:: Listed entries ::

=== Section Start ===

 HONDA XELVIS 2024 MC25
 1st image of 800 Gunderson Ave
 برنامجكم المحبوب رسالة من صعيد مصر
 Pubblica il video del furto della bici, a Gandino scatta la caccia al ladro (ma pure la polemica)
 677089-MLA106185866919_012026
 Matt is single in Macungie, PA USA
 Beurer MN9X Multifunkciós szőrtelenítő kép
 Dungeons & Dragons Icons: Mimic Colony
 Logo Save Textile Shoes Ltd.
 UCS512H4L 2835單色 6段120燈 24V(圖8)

=== Section End ===
=== Section Start ===

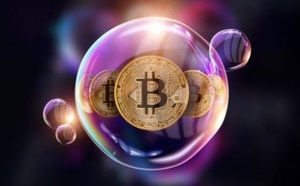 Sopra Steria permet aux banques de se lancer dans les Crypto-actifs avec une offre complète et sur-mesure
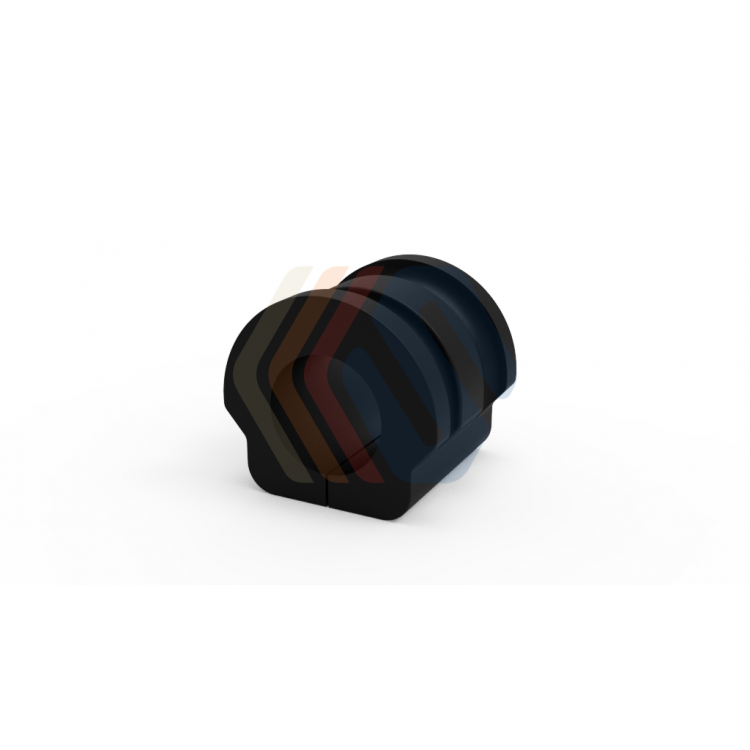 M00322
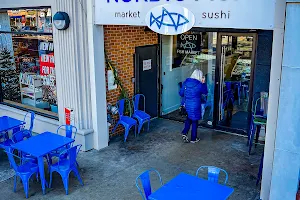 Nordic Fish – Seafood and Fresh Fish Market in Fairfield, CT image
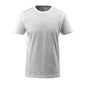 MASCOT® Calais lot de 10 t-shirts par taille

=== Section End ===

In the listing above, locate the line with "HONDA XELVIS 2024 MC25" and the line with "UCS512H4L 2835單色 6段120燈 24V(圖8)", then extract exactly those lines and every line between them, and nothing more.

:: Answer to the exercise ::
 HONDA XELVIS 2024 MC25
 1st image of 800 Gunderson Ave
 برنامجكم المحبوب رسالة من صعيد مصر
 Pubblica il video del furto della bici, a Gandino scatta la caccia al ladro (ma pure la polemica)
 677089-MLA106185866919_012026
 Matt is single in Macungie, PA USA
 Beurer MN9X Multifunkciós szőrtelenítő kép
 Dungeons & Dragons Icons: Mimic Colony
 Logo Save Textile Shoes Ltd.
 UCS512H4L 2835單色 6段120燈 24V(圖8)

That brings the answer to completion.